The ship had variable-pitch propellers. This means the captain can keep the diesel engines at a constant RPM needed for the AC electrical generators, and use the variable pitch to change vessel speed or reverse direction. The variable-pitch propellers used a hydraulic actuation system. As designed, there was one electrical hydraulic pump and one engine-driven mechanical hydraulic pump for each propeller. In 1989, Transmarine Propulsion Systems replaced both mechanical pumps with electric pumps, saying they could not get parts for the mechanical pumps.

With electrical power lost, all 4 hydraulic pumps stopped. With no hydraulic pressure, hydrodynamic forces on the propellers caused the pitch to reverse. This made the ship run full astern. The rearward motion of the vessel drove the sinking aft section further under water. It also exacerbated water entry into the air intake vents on the trawl deck.

The captain of Alaska Ranger died in the sinking, so it is unknown why he did not stop the diesel engines. The Coast Guard had tested the engine emergency shutoff system a year before the sinking and reported that it functioned properly. The vessel moving full astern meant that two of the three inflatable liferafts were separated from the ship. This meant that 25 crew members that had jumped into the water never got to one of the three liferafts.

=== United States Coast Guard Marine Board of Investigation ===
The United States Coast Guard also investigated the sinking through a Marine Board of Investigation. The Marine Board's Report of Investigation determined a different scenario related to the cause of the casualty. The Marine Board reviewed thousands of pages of documents and photographs related to the maintenance and repair of the vessel, and examined in-depth the installation of the Kort nozzles. The Marine Board also examined in detail the rudder installation.

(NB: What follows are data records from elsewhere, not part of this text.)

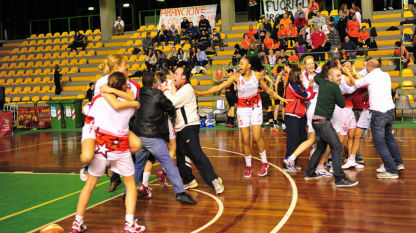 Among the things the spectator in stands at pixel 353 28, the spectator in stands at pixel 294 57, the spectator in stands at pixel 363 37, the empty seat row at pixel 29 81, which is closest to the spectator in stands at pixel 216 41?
the spectator in stands at pixel 294 57

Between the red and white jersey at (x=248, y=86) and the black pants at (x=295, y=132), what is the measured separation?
978mm

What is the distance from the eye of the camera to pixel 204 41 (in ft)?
70.2

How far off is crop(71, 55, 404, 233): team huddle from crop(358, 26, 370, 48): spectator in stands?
9895 millimetres

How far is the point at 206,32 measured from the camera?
21.9 m

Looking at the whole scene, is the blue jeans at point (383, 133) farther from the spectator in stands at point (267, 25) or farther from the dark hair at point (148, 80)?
the spectator in stands at point (267, 25)

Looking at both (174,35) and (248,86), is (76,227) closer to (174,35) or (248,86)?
(248,86)

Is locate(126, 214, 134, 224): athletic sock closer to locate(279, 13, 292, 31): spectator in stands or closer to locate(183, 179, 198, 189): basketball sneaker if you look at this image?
locate(183, 179, 198, 189): basketball sneaker

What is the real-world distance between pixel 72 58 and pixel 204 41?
9160 millimetres

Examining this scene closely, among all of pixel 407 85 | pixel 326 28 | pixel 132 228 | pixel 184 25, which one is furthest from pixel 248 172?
pixel 184 25

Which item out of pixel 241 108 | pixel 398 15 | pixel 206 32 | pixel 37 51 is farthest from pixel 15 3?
pixel 241 108

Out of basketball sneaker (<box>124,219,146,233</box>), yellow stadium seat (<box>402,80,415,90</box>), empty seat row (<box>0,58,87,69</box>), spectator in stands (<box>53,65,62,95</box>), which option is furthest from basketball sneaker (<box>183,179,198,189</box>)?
empty seat row (<box>0,58,87,69</box>)

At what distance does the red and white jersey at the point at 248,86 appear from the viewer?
7902 mm

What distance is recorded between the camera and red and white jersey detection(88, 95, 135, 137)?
5242mm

As a result of this analysis the report concluded that "Though the exact initiating event that created the source of flooding is unknown, it was likely related to the poor material condition of the vessel and may have been related to the Kort nozzle struts which are believed to have experienced excessive stresses where they were attached to the hull." The report added that the owners of the ship "failed to properly maintain the structural condition of the Alaska Ranger".

==Crew rescue==
The unexpected and unexplained flooding of the ship meant that the crew had to abandon the vessel at night, into the frigid waters of the Bering Sea. Radio pleas for help were forwarded to a US Coast Guard vessel, which moved toward the area while dispatching helicopters. By the end of the effort, 42 of the 47-person crew had been located and brought safely to shore, most suffering severe hypothermia.

The rescue was carried out by a USCG HH-60 Jayhawk which was stationed on Saint Paul Island, AK and a HH-65 Dolphin which was attached to the USCGC Douglas Munro, which rescued 20 people, and 22 were rescued by Alaska Ranger’s sister ship FV Alaska Warrior. The ship sank 180 miles west of Dutch Harbor.

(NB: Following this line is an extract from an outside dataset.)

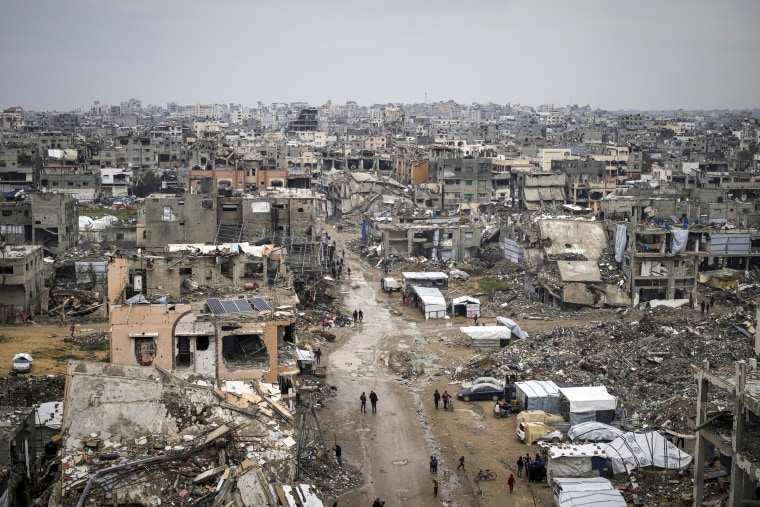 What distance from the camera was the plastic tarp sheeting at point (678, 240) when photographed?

Aviation Week & Space Technology magazine awarded its 2009 Aviation Week Heroism Award to the U.S. Coast Guard Rescue Team involved in this rescue operation, stating: "The two helicopter crews displayed exceptional risk mitigation and airmanship in fighting time, distance and weather – including snow squalls, a −24°F wind chill, 15 ft seas and 30 kt winds – to rescue survivors. The USCG deems the operation the largest cold-water rescue in its history."

== In pop culture ==
The story of the sinking and subsequent rescue was published in 2010 as Deadliest Sea: The Untold Story Behind the Greatest Rescue in Coast Guard History by Kalee Thompson.

A brief version of the Alaska Ranger story was told at the conclusion of the Deadliest Catch season 4 finale.

A Discovery Channel program Mayday! Bering Sea covers the accident and rescue.

Featured in season 1, episode 5 of Disasters at Sea-Shipwrecked in Alaska that aired on Quest (UK) and Smithsonian (US).